Activity →
Leave every entry as it is and write the data out in full.

◇ ◇ ◇ ◇

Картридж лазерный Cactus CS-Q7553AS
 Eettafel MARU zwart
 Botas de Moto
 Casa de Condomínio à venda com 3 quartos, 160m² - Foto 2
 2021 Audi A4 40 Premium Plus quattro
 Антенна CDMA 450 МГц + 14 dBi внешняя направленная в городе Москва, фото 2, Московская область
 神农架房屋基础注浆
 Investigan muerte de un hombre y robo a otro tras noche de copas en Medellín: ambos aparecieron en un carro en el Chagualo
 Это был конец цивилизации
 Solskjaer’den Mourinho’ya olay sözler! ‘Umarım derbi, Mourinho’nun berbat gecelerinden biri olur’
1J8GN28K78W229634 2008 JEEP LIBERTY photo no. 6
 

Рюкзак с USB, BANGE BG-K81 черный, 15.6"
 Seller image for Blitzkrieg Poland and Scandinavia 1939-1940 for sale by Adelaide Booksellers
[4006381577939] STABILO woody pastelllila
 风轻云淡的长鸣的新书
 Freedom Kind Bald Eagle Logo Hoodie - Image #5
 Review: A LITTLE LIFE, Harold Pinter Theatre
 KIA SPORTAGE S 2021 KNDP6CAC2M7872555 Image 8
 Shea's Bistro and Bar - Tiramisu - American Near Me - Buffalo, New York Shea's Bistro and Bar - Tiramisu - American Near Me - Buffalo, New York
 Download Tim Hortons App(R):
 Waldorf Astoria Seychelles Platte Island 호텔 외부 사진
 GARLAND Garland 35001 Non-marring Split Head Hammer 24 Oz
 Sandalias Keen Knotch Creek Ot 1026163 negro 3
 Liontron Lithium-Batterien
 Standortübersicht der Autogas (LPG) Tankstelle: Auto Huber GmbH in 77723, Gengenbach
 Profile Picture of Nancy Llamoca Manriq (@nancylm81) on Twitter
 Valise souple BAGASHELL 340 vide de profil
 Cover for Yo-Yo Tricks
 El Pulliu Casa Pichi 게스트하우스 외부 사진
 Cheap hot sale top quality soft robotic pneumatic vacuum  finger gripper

◇ ◇ ◇ ◇

Output for this exercise →
Картридж лазерный Cactus CS-Q7553AS
 Eettafel MARU zwart
 Botas de Moto
 Casa de Condomínio à venda com 3 quartos, 160m² - Foto 2
 2021 Audi A4 40 Premium Plus quattro
 Антенна CDMA 450 МГц + 14 dBi внешняя направленная в городе Москва, фото 2, Московская область
 神农架房屋基础注浆
 Investigan muerte de un hombre y robo a otro tras noche de copas en Medellín: ambos aparecieron en un carro en el Chagualo
 Это был конец цивилизации
 Solskjaer’den Mourinho’ya olay sözler! ‘Umarım derbi, Mourinho’nun berbat gecelerinden biri olur’
1J8GN28K78W229634 2008 JEEP LIBERTY photo no. 6
 

Рюкзак с USB, BANGE BG-K81 черный, 15.6"
 Seller image for Blitzkrieg Poland and Scandinavia 1939-1940 for sale by Adelaide Booksellers
[4006381577939] STABILO woody pastelllila
 风轻云淡的长鸣的新书
 Freedom Kind Bald Eagle Logo Hoodie - Image #5
 Review: A LITTLE LIFE, Harold Pinter Theatre
 KIA SPORTAGE S 2021 KNDP6CAC2M7872555 Image 8
 Shea's Bistro and Bar - Tiramisu - American Near Me - Buffalo, New York Shea's Bistro and Bar - Tiramisu - American Near Me - Buffalo, New York
 Download Tim Hortons App(R):
 Waldorf Astoria Seychelles Platte Island 호텔 외부 사진
 GARLAND Garland 35001 Non-marring Split Head Hammer 24 Oz
 Sandalias Keen Knotch Creek Ot 1026163 negro 3
 Liontron Lithium-Batterien
 Standortübersicht der Autogas (LPG) Tankstelle: Auto Huber GmbH in 77723, Gengenbach
 Profile Picture of Nancy Llamoca Manriq (@nancylm81) on Twitter
 Valise souple BAGASHELL 340 vide de profil
 Cover for Yo-Yo Tricks
 El Pulliu Casa Pichi 게스트하우스 외부 사진
 Cheap hot sale top quality soft robotic pneumatic vacuum  finger gripper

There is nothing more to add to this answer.